冬時期の日本における定番料理と言えば、「お鍋(おなべ)」です。文字通り、”鍋”を用いた料理のことでして、調理(煮炊き)しながら食べる料理です。一応「お鍋」と呼ばれる料理の定義を大まかにご説明しておきましょう。

“鍋”を用いて”具材”を煮炊きした料理

nabe2
“鍋”の素材は”土鍋””金属鍋”のように様々。特定の鍋料理専用の形状のものも有り。”具材”とは下ごしらえした食材のこと。材料それぞれに適した大きさ/薄さ/形状に切り揃えたり、加工することを”下ごしらえ”と呼ぶ。

“具材”を”鍋”で煮炊きしながら食べる

nabe3
食卓にて、食する人間自身が調理しながら食べるのが特徴。ただし、調理済みのものを保温加熱しながら食べる場合も有り。

複数人で一つの”鍋”を共有する

nabe4
調理済みの料理を個人用に配膳せず、一つの料理をみんなで分け合って食べるのが特徴。ただし、”おひとり様用”の鍋料理も有る。

都度都度、”鍋”から”取り皿(小鉢)”に食する分の具材を取る

nabe5
“鍋”から直接食べるのは厳禁。原則として”取り箸””おたま”等、取り分け用の器具を用いてそれぞれの”取り皿”に盛りつける。鍋料理それぞれの味付け次第で、”取り皿”にタレ(ポン酢/専用つゆ等々)や薬味類を加えて食する。

「お鍋」のように、調理をしながら食する料理という提供方法はかなり昔から行われていたようです。かつて日本の住居には、炊事場の”竈(かまど)”とは別に、ほぼ必ず”囲炉裏”が設けられていました。その”囲炉裏”を囲んで食事をするわけですが、その生活習慣に非常に適した調理方法だったんだろうと考えられています。つまりは、結構昔からとても一般的に根付いた日常の調理文化だったわけですね。しかしながら、明治維新を境に日本では住居の近代化が急速に進み、”囲炉裏”を有する家屋はなくなっていきました。第二次世界大戦後、日本の住環境は一層欧米化が進んでいきました。食文化も同様です。一般家庭における料理の配膳も個人単位向けのものになっていきました。その結果、「お鍋」はかつての日常的な料理から、少し(具材によってはとっても)特別感を有する料理になりました。しかし同時に、基本的には出汁を満たした”鍋”に具材を入れてぐつぐつ煮るだけというシンプルな調理方法ってことで一般的にも人気になったわけです。
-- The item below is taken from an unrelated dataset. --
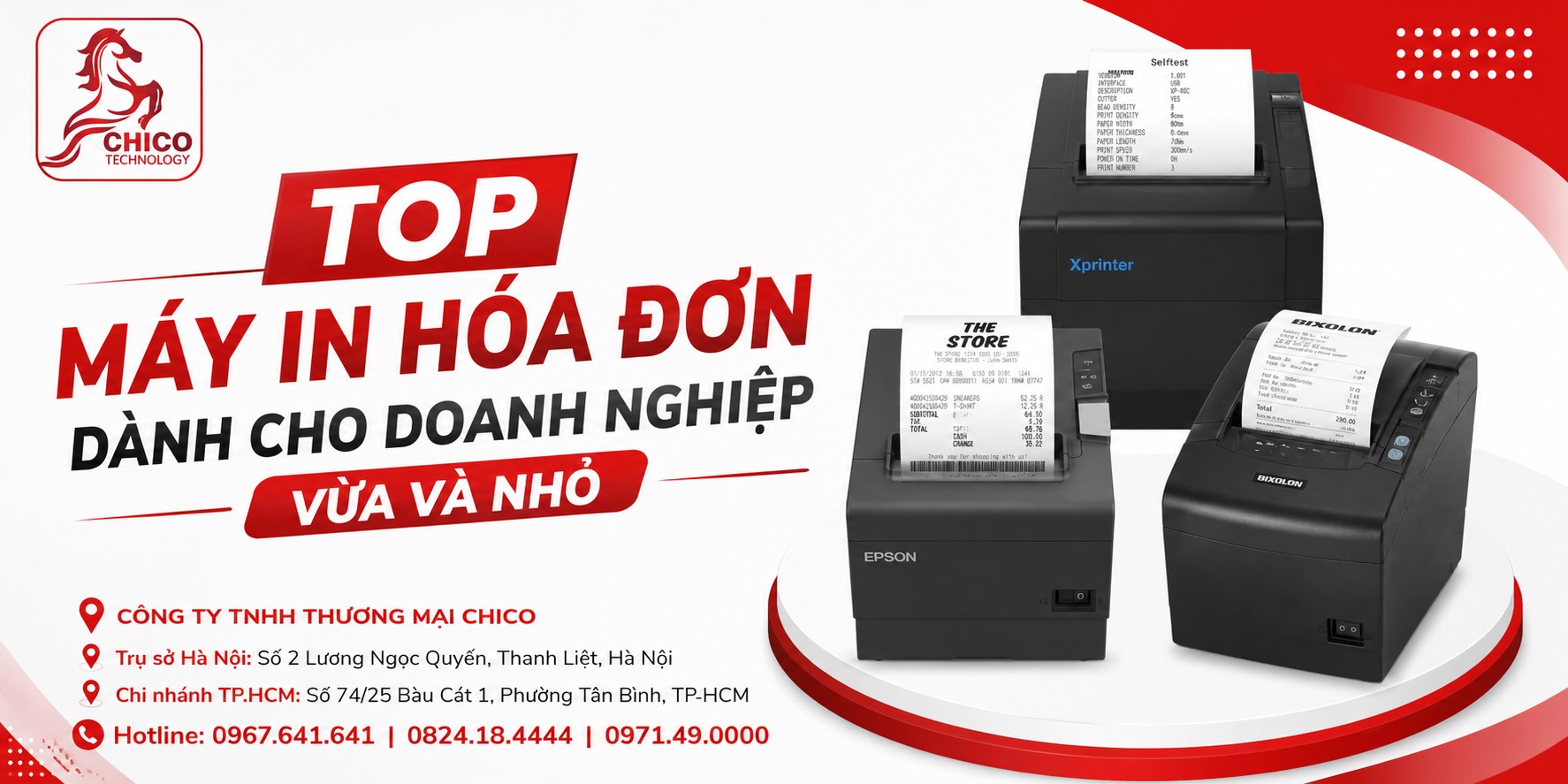 Top Máy In Hóa Đơn Cho Doanh Nghiệp Vừa Và Nhỏ Bền Bỉ, Giá Tốt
各家庭で「お鍋」をするために、それ専用の”家庭用コンロ”が市販されたことでその人気は不動のものになりました。

dashi
日本の「お鍋」の基本形は「寄せ鍋」と呼ばれるものです。出汁で以て色んな具材を煮て、ポン酢やその他のタレをつけるって感じの鍋料理です。後は、具材の組み合わせだったり、出汁に味噌や醤油などの他の調味料を加えるといったバリエーションの違いがあるわけですが・・ まぁ、その種類の多さと言ったら、海外の食文化への寛容さも相まってとんでもない数です。試しにスーパーマーケットなんかで「お鍋」の商品棚を覗いて頂くと、「・・(汗)」って感じになるかもしれません。大雑把に言えば・・ 世界中に存在するスープの種類、或いは美味しい”だし”が採れる食材の組み合わせの数だけ「○○鍋」なる料理が存在する感じでしょうかねぇ? それだけに、皆さんそれぞれお好みの「お鍋」がおそらくほぼ必ず見つかるんじゃないかと思います。

ishikari
それでは、代表的な「お鍋」をいくつかご紹介しましょう。尚、それぞれの詳細はちょっと割愛いたします・・ スープの種類に加えて、具材の組み合わせまで踏まえるともう何が何だかって感じになりますので。「寄せ鍋」「おでん」「しゃぶしゃぶ」「すき焼き」「湯豆腐」「ちゃんこ鍋」「水炊き」「ちり鍋」「もつ鍋」「石狩鍋」「きりたんぽ鍋」「あんこう鍋」・・(ごくごく一部ですよ~) 郷土料理になっているものも多いんですね? 地域それぞれで食文化が表れていているのも「お鍋」の魅力です。

最後にもう一つ。「お鍋」という料理の楽しみ方には、”〆(締め)”というものがあります。具材を食した後に残ったスープは、様々な食材が煮詰まることによって非常に美味しい出汁が凝縮されているわけでして。じゃあ、まぁ、それを無駄にする手はないですよね? ってなことで、ご飯や麺類などをそのスープに加えて食べるんです。人によっては、「お鍋」はこの”〆(締め)”を食べることこそが目的!なんて仰る方もいるくらいです。機会がございましたら、是非お楽しみ下さいませ。